Newman comes to the Rue de l'Université many times over the next six weeks and sees Claire more often than he can count. Though he claims not to have been reduced to the silliness of love, he is conscious of an intense all- consuming tenderness, as well as a deep wish to rescue Claire from her depressing secrets. As the days pass he is less and less able to imagine himself without her.

At the Bellegarde house, Newman is neither forceful nor eloquent, but is content to haunt Claire's rooms and attend her parties, watching her and her world from a distance. He spends many a chilly evening by the Marquise's fireside, while Claire talks to guests and the Marquise makes a great show of being interested in others. These evenings lead Newman to remark to Mrs. Tristram that he would not wonder if the Marquise had done someone to death, out of some high sense of duty. Nonetheless, Newman finds it difficult to bear a grudge while in the same room with someone, and does his best to be cordial despite his utter ignorance of the Bellegardes' rarified conversational topics and customs.

One afternoon, as Newman is waiting to see Claire at the Bellegarde house, a pale, older English servant approaches him. She is Mrs.

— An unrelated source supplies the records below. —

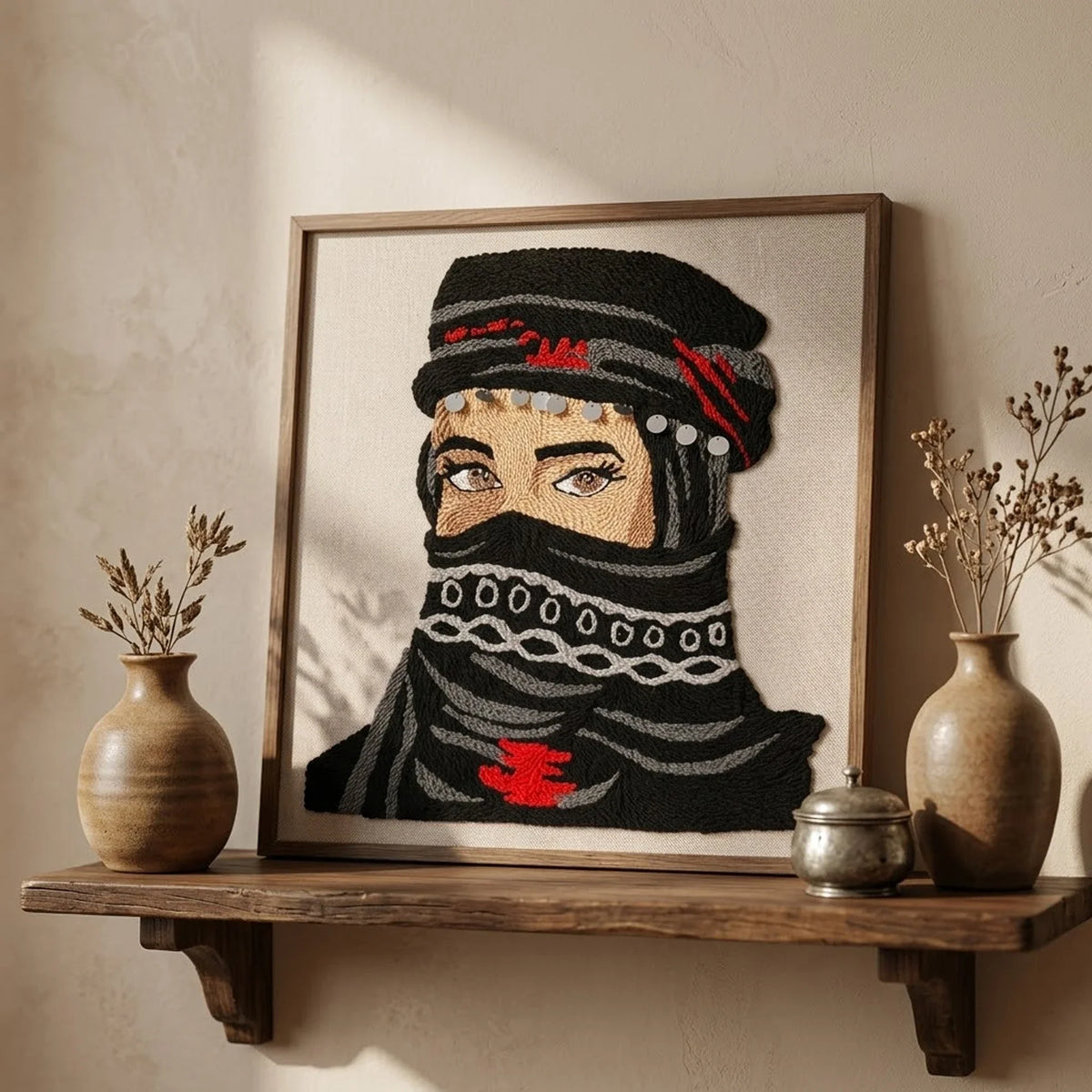 فطوم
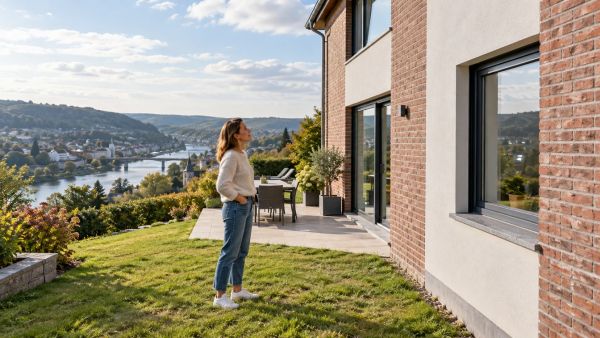 Top conseils pour réussir votre demande de prime isolation en Wallonie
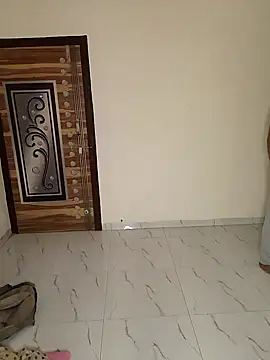 playboy210600 online show from 02-10-26, 07:29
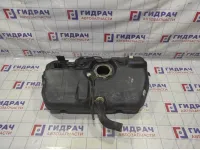 Бак топливный Lada Granta 21900110101000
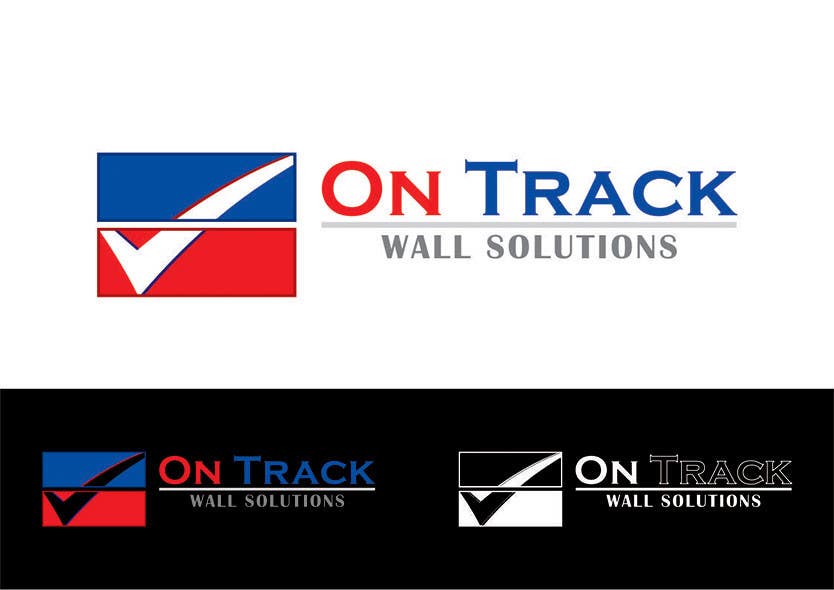 
                                                                                                                        Proposition n°                                            55
                                         du concours                                             On Track Wall
                                        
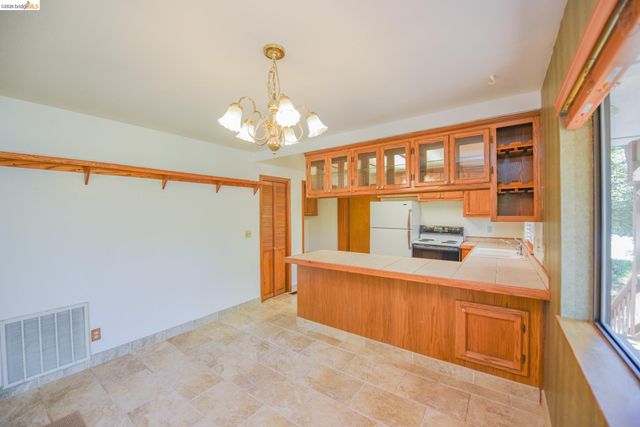 21882 El Oso Way, Sonora, CA 95370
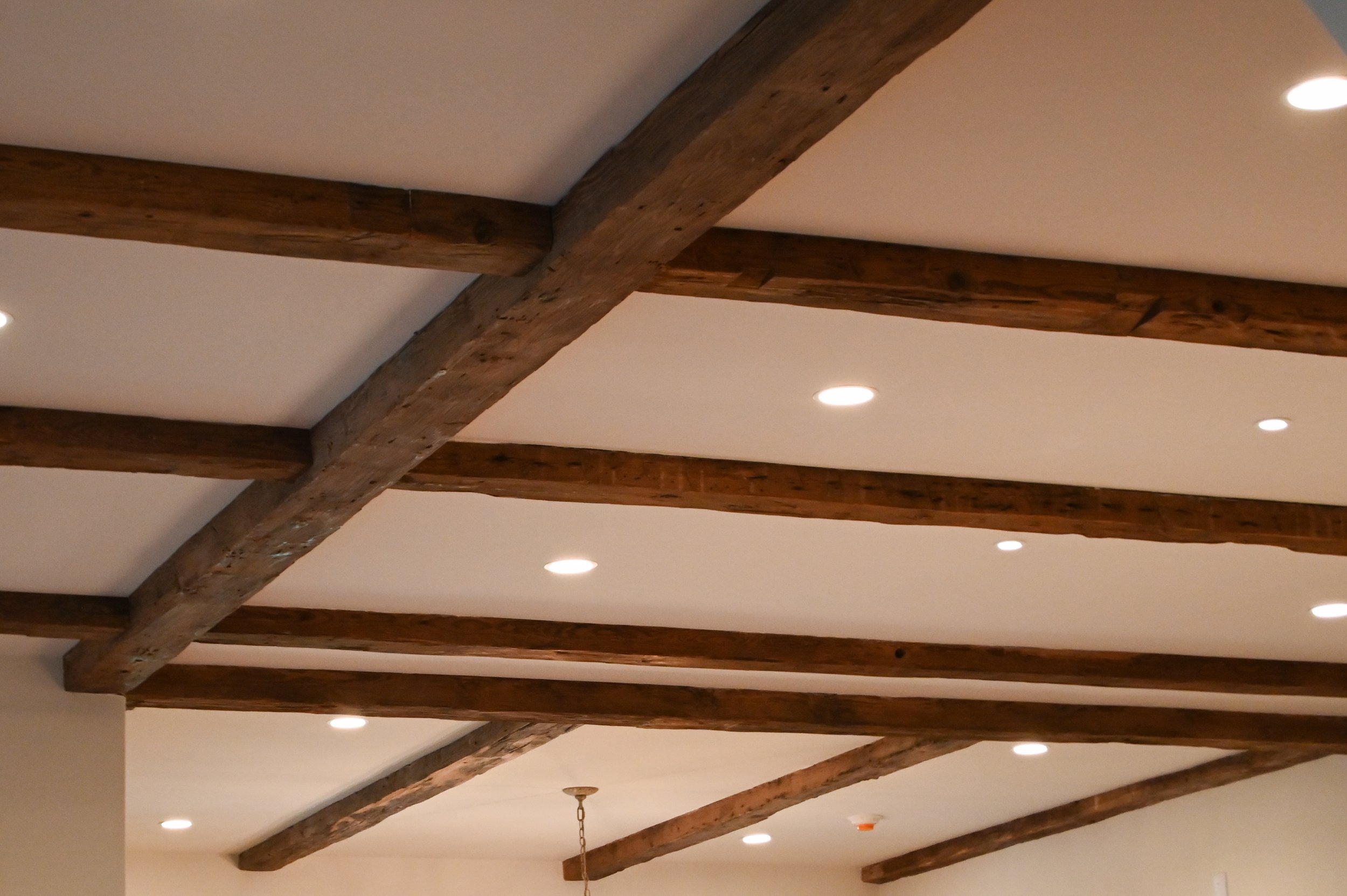 1207 Barcroft-17.jpg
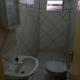 Apartamento com churrasqueira, ótima localização., 南卡舒埃拉 - 照片 5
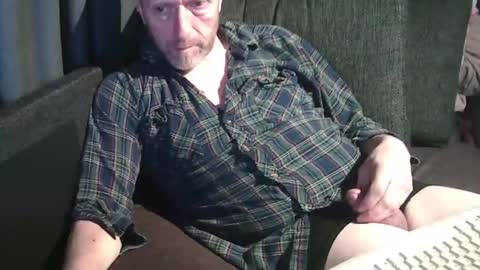 ArnSwart online show from April 24, 8:11 pm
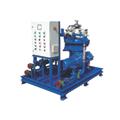 42cf14d2_centrifuge2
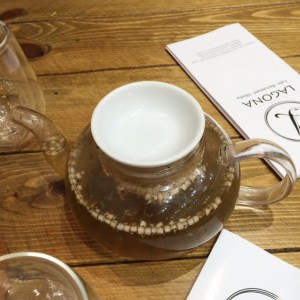 lagona-turkish-apple-tea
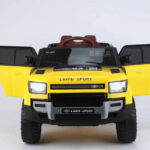 صورة مصغرة للمنتج 4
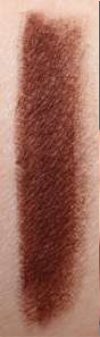 Lip Cheat Lip Liner, foto 2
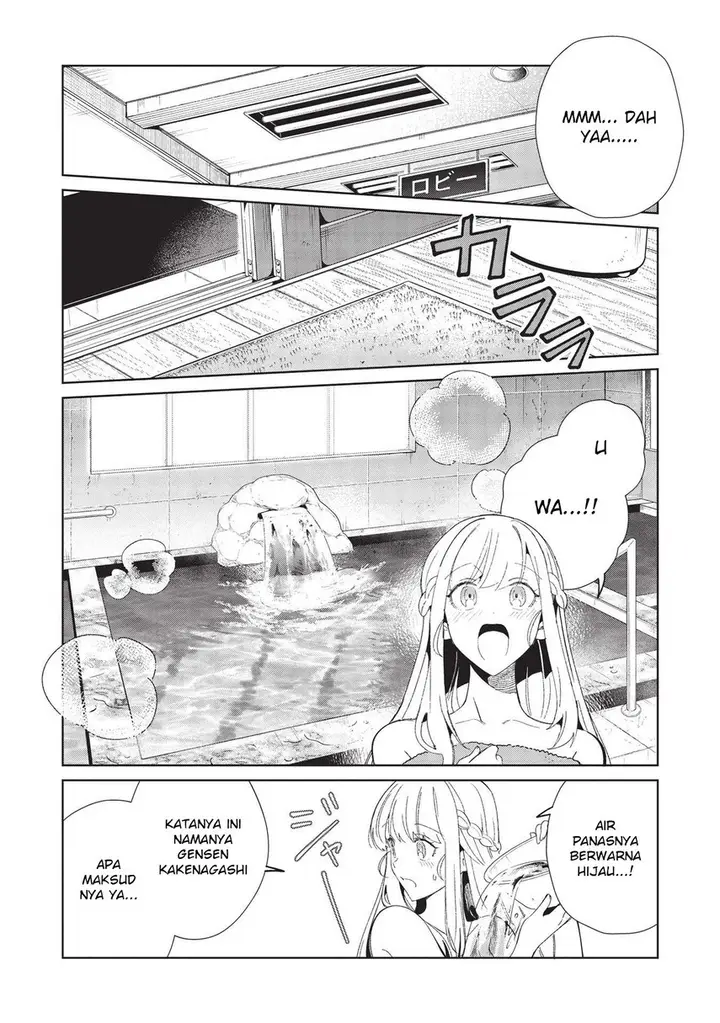 image-komik-nihon-e-youkoso-elf-san-chapter-38-15/28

Bread, formerly the Marquise's personal lady and Claire's old nurse. Mrs. Bread tells Newman that Claire is wonderful and good and deserves happiness, and that his marriage to her is possible but will take some doing and much patience. Asking Newman to say nothing to Claire, Mrs. Bread vanishes, leaving him deeply touched.

Gradually, Newman and Claire begin to discuss Claire's family. Claire is worried about Valentin, sensing that he is unhappy despite Newman's promises to take care of him. One Friday, after an uncomfortable family evening in the drawing room, Claire asks Newman's opinion of her mother and Urbain. He admits that he could live without them, but mostly ignores them. She replies that he is too good-natured, especially as they think they have treated him rather handsomely.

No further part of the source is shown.